Born on his father’s farm on Rolling Road on the 25th of January in the year 1798, Nicholas Smith was a white man who helped hide and transport enslaved runaways. He was the son of Lakin Smith and Ann Dunn. By profession, Smith was a freight hauler, a person who moved goods and products, and a cooper, a person who repaired and made casks and barrels. This profession helped him obtain access to the materials and tools he needed as a conductor of the Underground Railroad. Together with his abolitionist wife Elizabeth Zimmerman Smith, his wife’s sister Susanna Zimmerman Emmart, and Susanna’s husband Caleb Emmart, he worked helped enslaved Blacks gain freedom. The Emmarts and Smiths worked hand-in-hand to free the enslaved and made a change in the county.

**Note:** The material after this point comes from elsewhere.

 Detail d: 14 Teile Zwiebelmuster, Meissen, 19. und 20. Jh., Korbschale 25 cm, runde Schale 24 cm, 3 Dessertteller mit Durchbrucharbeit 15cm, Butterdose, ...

According to a 2001 Baltimore Sun article, halfway through the 19th century, Smith bought property on both sides of Featherbed Lane at a cost of about $5 per acre. On this same property, he owned a house that then became an Underground Railroad location. Before being unfortunately destroyed, there also stood a log-and-stone building that was once a part of Smith’s home. As a conductor on the Underground Railroad, Smith safely led enslaved runaways from station to station. Using his cooper’s shop, Smith also hid enslaved runaways in barrels and transported them without being caught. Because Smith and Joshua Meekins, his son-in-law, were so cautious, not many knew of their secret endeavors until the latter half of the 1900s.
On October 6, 1873, at the age of 75, Smith passed away leaving his land to be divided among his 11 children. Buried in the Smith family graveyard, his burial site can be found in a forest area behind a private home near the Nasam and Rona Roads, just a short walk from the south of Windsor Mill Road.